RISC-V Interpreter and Computer Architecture Simulator
This was the final project for the computer architecture course I took in my last semester of school, which was really influential on me. I would link to the code if it wasn’t going to be reused in future semesters.
The goal of the project was to write a program that simulated an out-of-order (OoO), speculative CPU with branch prediction and register renaming. The simulator would read in a configuration parameterizing the CPU, as well as a program describing the initial state of the CPU’s memory and a program written in a subset of RISC-V assembly. Our simulator would interpret the program and output the execution time in number of cycles, as well as report bottlenecks in the execution pipeline, as measured by where it was necessary to issue no-ops to stall processing.
To increase performance, modern CPUs use pipelined OoO execution. Pipelining is a form of parallelism achieved by having different processing steps occur simultaneously for different instructions. For example, in one CPU cycle, an add instruction might be executing the addition operation while the next instruction is getting fetched. That way, the CPU’s add unit and fetch unit are both utilized, instead of waiting for each other, even though their results are unrelated.
OoO execution is another optimization that allows instructions to execute when their data is ready, as opposed to when it is their turn in program order. For example, maybe you want to add a and b. First you’d load them into registers, and then in a third instruction you’d add them. But maybe your program loads a and b, but then immediately after also loads c and d, which are unrelated to the a+b intruction. An OoO processor can execute a+b as soon as a and b are ready, even if that might be before c and d are loaded, as per program order.
OoO execution and pipelining obviously introduce concerns about program correctness. These issues are called hazards, and come in three flavors: write after write (WAW), write after read (WAR), and read after write (RAW). A RAW hazard is a true data dependence; a register is written to, and then afterwards, a subsequent instruction reads the result. WAWs occur when two instructions write to the same register; if the writes occur out of order, thereafter, the register contains the wrong value. In the WAR case, a write to a register occurs after a read; if these are out of order, the read value will prematurely read a value that should not yet have been there.
These hazards only exist because a register is at risk of being written to before it ought to be. This issue wouldn’t exist if we had an infinitely large register file to use, and only wrote to a register once. This motivates a technique called register renaming. The processor has a limited number of physical registers, while a compiler can output code using any number of “architected” registers. The processor keeps a mapping of its physical registers to the compiler’s architected registers, as well as a free list of registers that do not currently contain a live architected register’s value. When an architected register is written to, it gets assigned a new free physical register. This allows the processor to maintain an appearance of only writing to unused registers, despite its finite register file.
The real complication in the processor was the use of branch prediction along with OoO speculative execution. Branch instructions in the program are assigned a branch predictor, a state machine describing if the branch is likely to be taken or not; it’s possible that this prediction is incorrect.

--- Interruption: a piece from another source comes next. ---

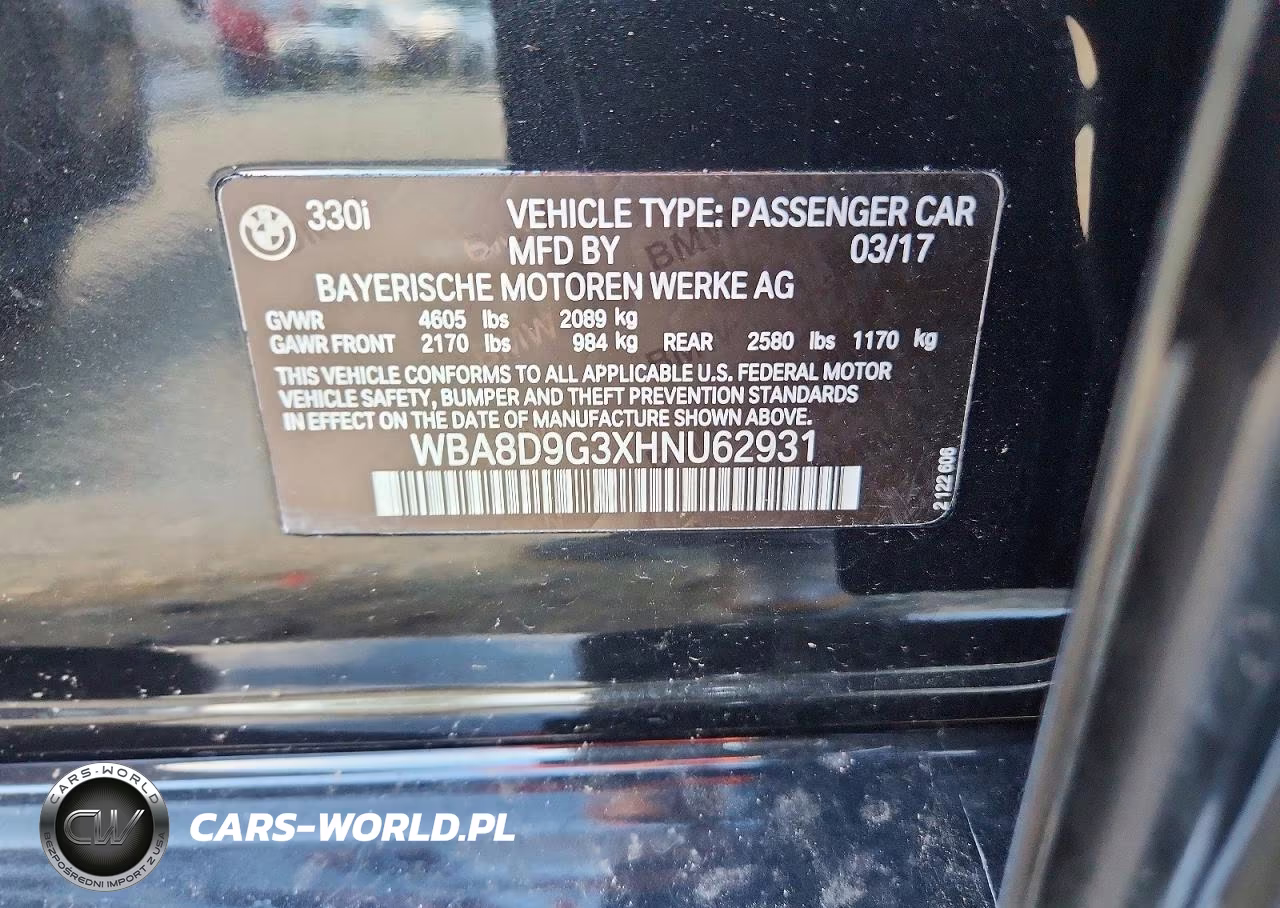 2017 BMW 330 Xi VIN:WBA8D9G3XHNU62931 - 12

Since the processor is pipelined and executing out of order, it fetches a branch instruction and guesses what comes next, and actually continues updating its state with results that might become void if it turns out its branch prediction was wrong.
Between processing results and writing to the register file, results are stored in the ReOrder Buffer (ROB). The ROB is a queue that literally re-applies order to instructions; when instructions are fetched, they get stored in buffers called reservation stations, where they wait for their operands. This is what allows them to execute when ready, as opposed to when its their turn in program order. And importantly, this is where they actually begin to become disordered. Before OoO execution, instructions get tagged in an entry in the ROB. When an instruction’s result is ready, it gets written to its corresponding ROB entry, and marked as ready to commit to the register file. If a result makes it to the front of the queue and is tagged as ready, it was truly supposed to execute, it had the correct operands, and will get written to the register. If an incorrectly predicted branch instruction makes it to the front of the queue, the processor can flush its state, correct its program counter, and restart execution from where it should have gone.
There’s some extra bookkeeping in the register file and those reservation stations that I won’t go into here, but that’s the high level overview a semester of computer architecture. Extensions to the project would be to include a more sophisticated memory model for caches, paging, and multicore coherency.